1960’larda işçi alırken, sağlıklı, okumamış olanları Anadolu’nun bozkırlarından toplayıp, Paris, Londra, Berlin, Roma’nın metrolarına fırlatacaktınız. Onları dönüştürüp, servet sahibi yaptıktan sonra onların çocuklarını tekrar Türkiye’ye gönderip bizi dönüştürme hayalleriniz vardı değil mi? Ama olmadı işte.

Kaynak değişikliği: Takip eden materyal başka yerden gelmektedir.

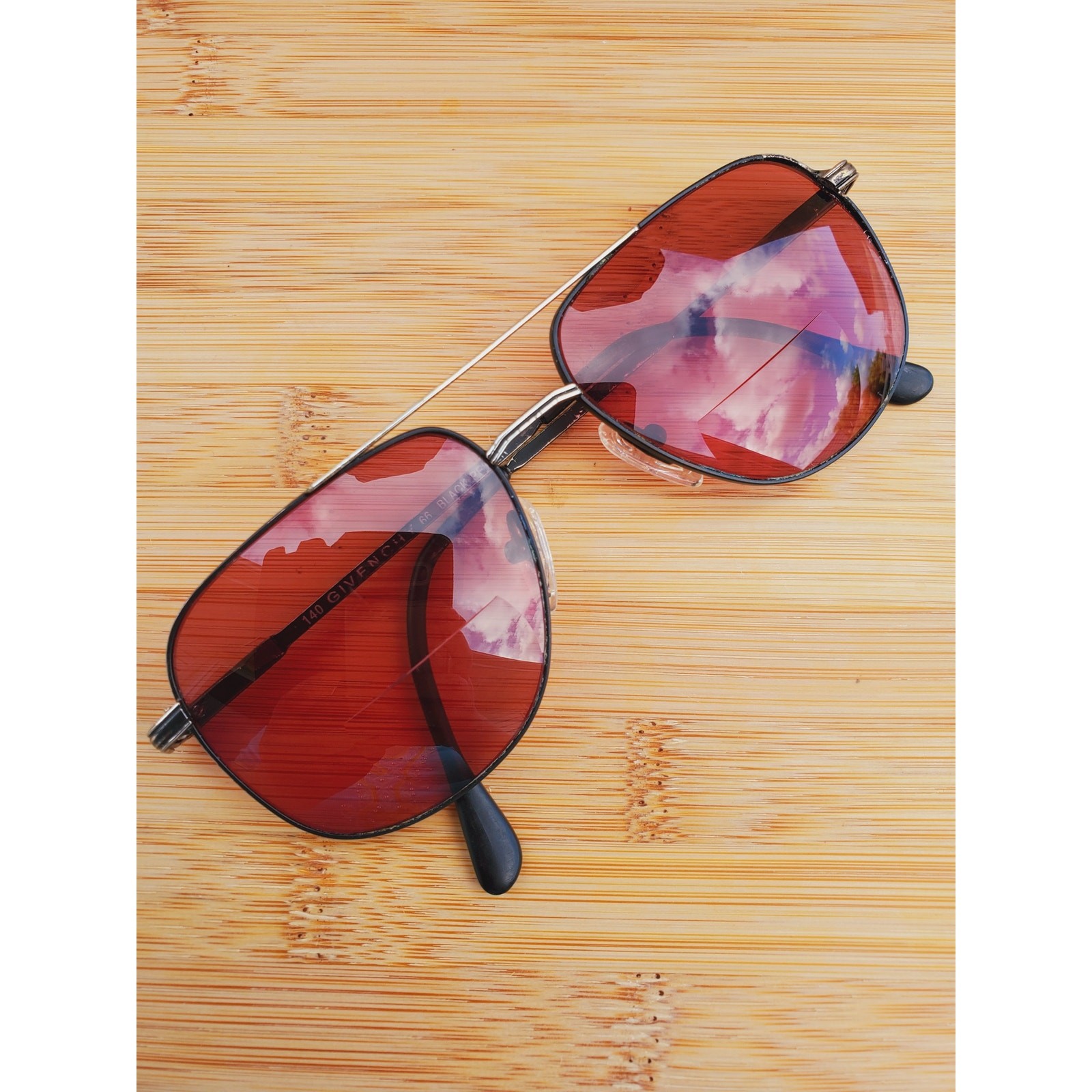 Givenchy Aviator Eyeglasses Black Pewter Square Metal Frame 140 55 16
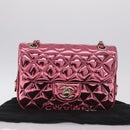 CHANEL Matelasse Chain Shoulder Bag Patent leather Pink Gold CC Auth 211651SAM-26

Harfimizi değiştirerek bizi tarihimiz, kültürümüz, geleneğimizden koparacağınızı sandınız, laikçi uygulamalarla dinle aramıza mesafe koyacağınızı düşündünüz, kıyafetimizi değiştirerek bizi kendinize benzettiniz, zaman, mekan algımızı değiştirmeye çalıştınız, nisbeten başarılı da oldunuz. Ama işte buraya kadar..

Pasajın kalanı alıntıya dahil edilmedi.